Seventy-three centrifugal compressor designs were generated by means of a variation of the beta angle distribution and the diffuser width. For all 73 design variations, several local flow parameters present at the design point were correlated with the respective iteratively determined surge margin of the design. Values based on the isentropic Mach number distribution showed the highest correlation with the surge margin. Therefore, the so-called TDR $\left(\mathrm{TDR}={\mathrm{Ma}}_{\mathrm{Throat}}/{\mathrm{Ma}}_{\mathrm{Peak}}\right)$, which represents the flow deceleration from the ${\mathrm{Ma}}_{\mathrm{Peak}}$ value near the LE to the Mach number at the throat, was defined as the new objective function.

For validation of the new objective function, two optimizations were carried out. One optimization was with the new objective function TDR and another one with a classic objective function using two operating points for surge margin estimation.
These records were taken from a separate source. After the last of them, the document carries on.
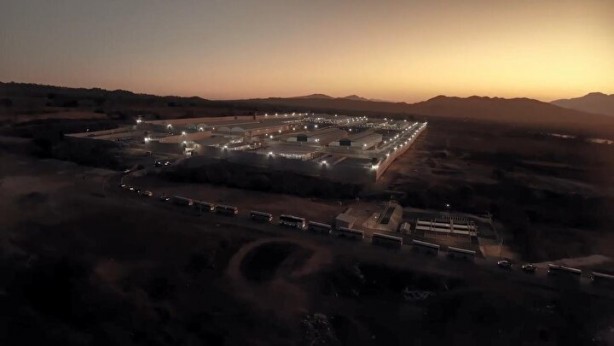 Foto - El Salvador’da neler oluyor! Yüzlerce mahkum daha 'mega' hapishaneye nakledildi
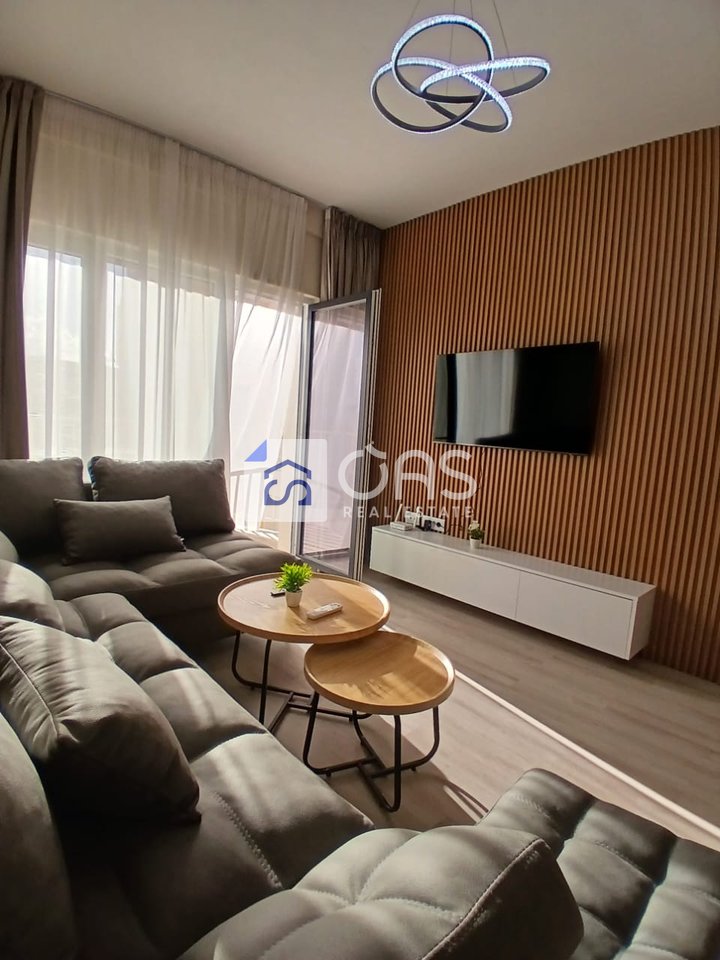 2+1 apartment for rent near Zogu i Zi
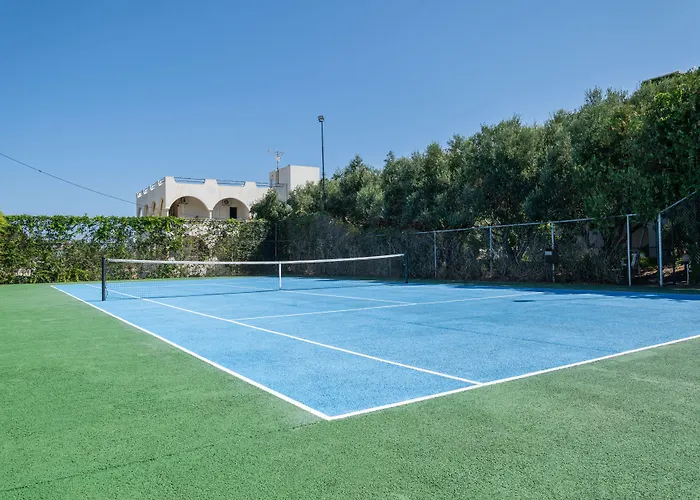 Hotel May Beach Hotel 4*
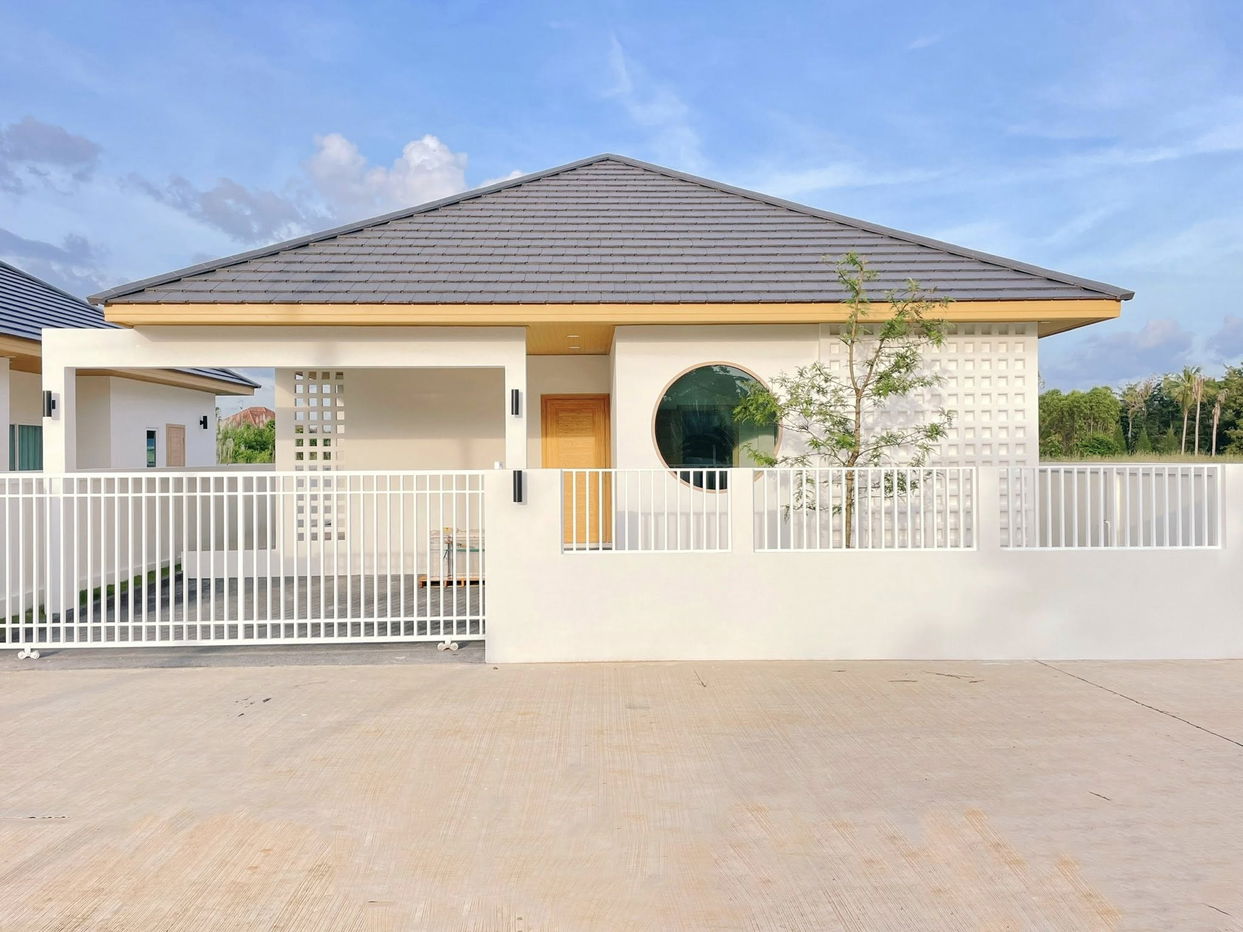 รูป Modern Minimalist 3-Bedroom for Sale – U-Tapao, Sattahip - รูปที่ 13/14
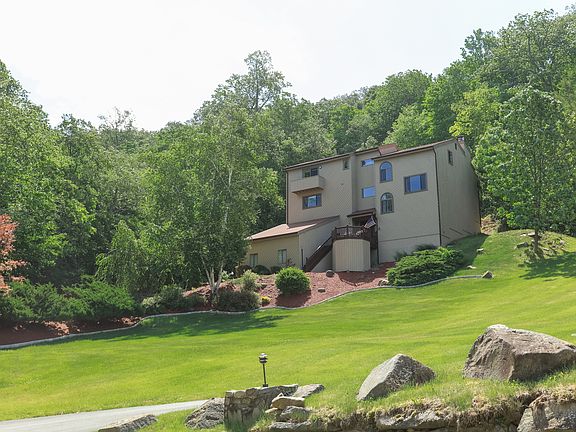 2nd image of 2 Hilltop Dr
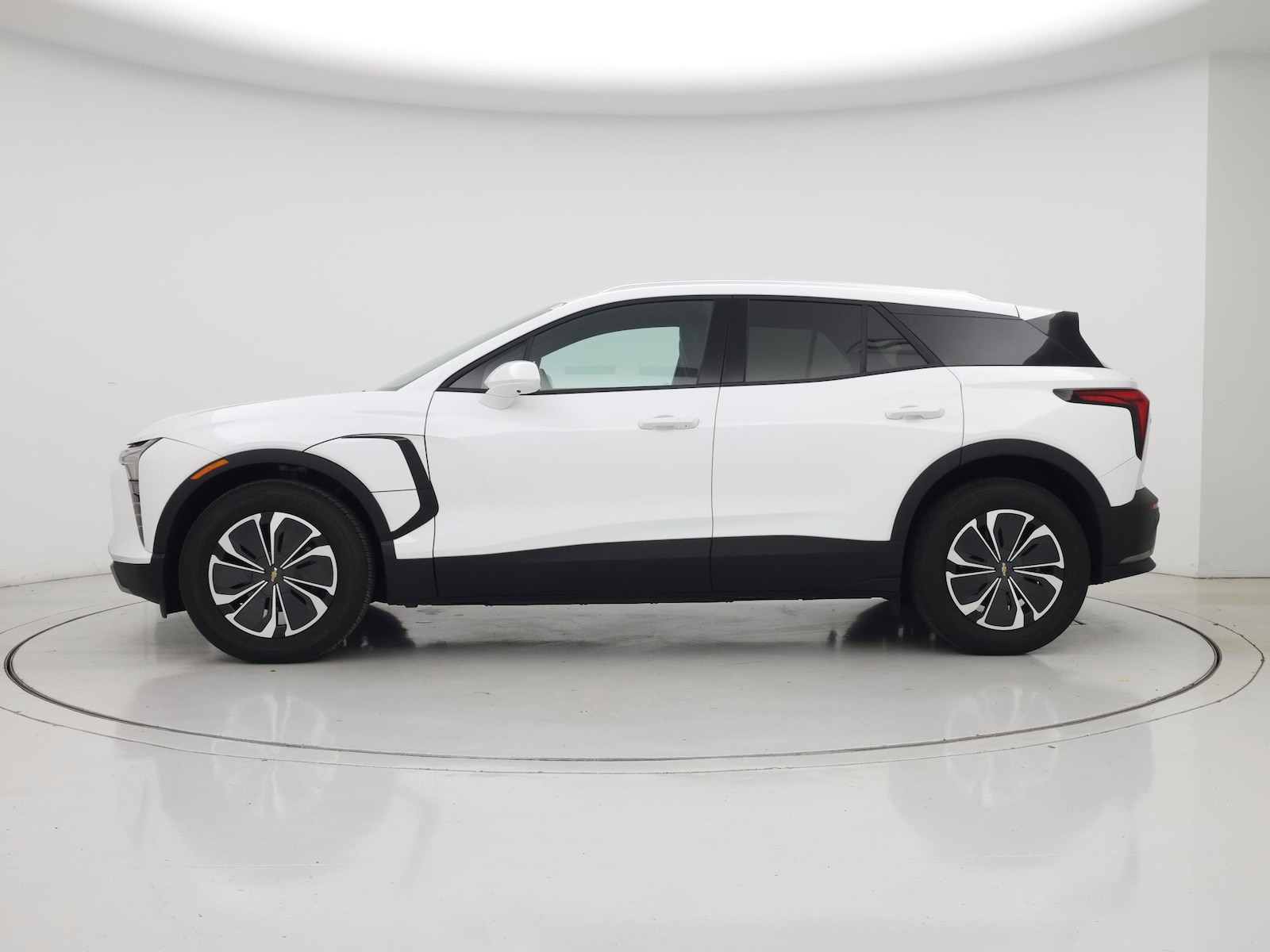 2024 Chevrolet Blazer EV LT - Photo 4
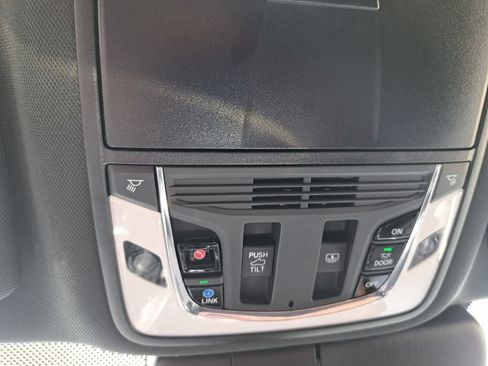 Used 2019 Acura RDX A-Spec image 16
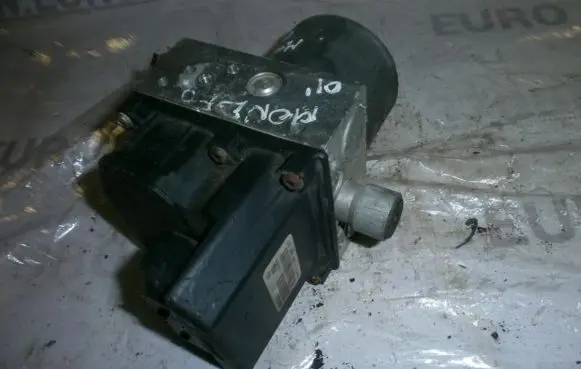 Ford Mondeo Mk III ABS Pump 0265800007 0265222015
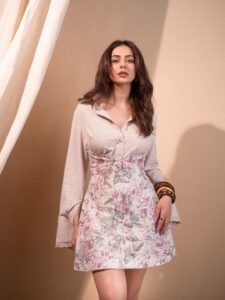 Rakul Preet Singh Classy in Floral High Waist Mini Skirt (9)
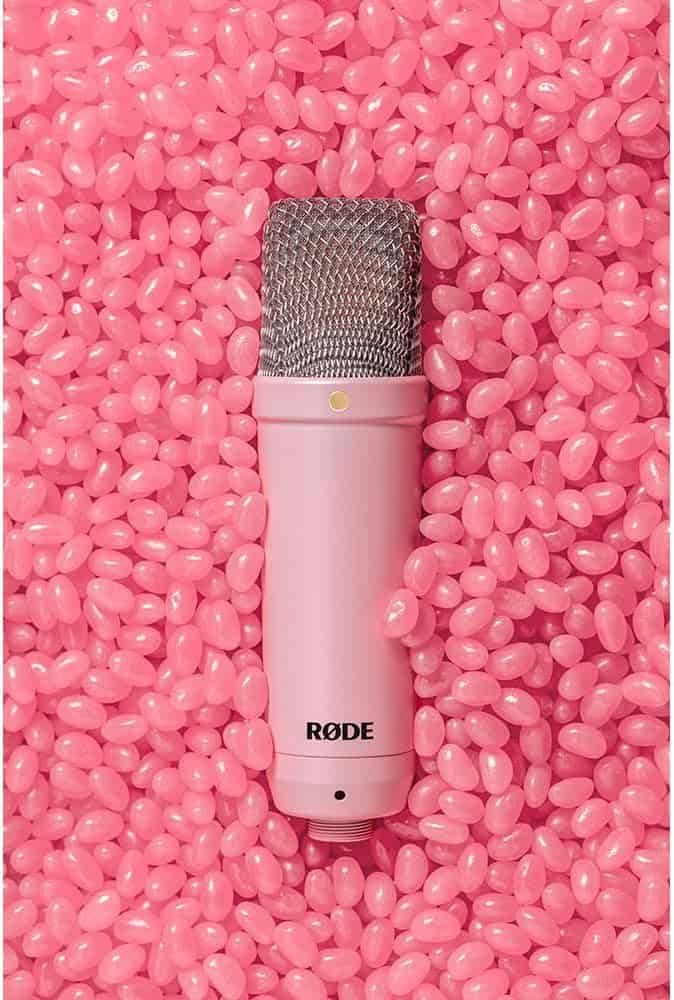 ⁦RØDE NT1 Signature Pink مايكروفون استوديو كلاسيكي بتقنية حديثة⁩ - الصورة ⁦3⁩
Both optimizations led to a similar result regarding the surge margin and efficiency. However, the optimization with the TDR showed several advantages. First, as no operating point near surge needed to be considered, the optimization time was at least reduced by one third. Second, the TDR optimization led to more valid designs, whereby the optimizer learned faster. Third, as not only integral values between the inlet and outlet were considered, the TDR-Optimization improved the impeller and diffuser regarding the surge margin at the same time.

In conclusion, it can be stated that the approach using local flow parameters was suited for surge margin optimization and even had advantages compared to the classic objective function using two operation points for surge margin estimation.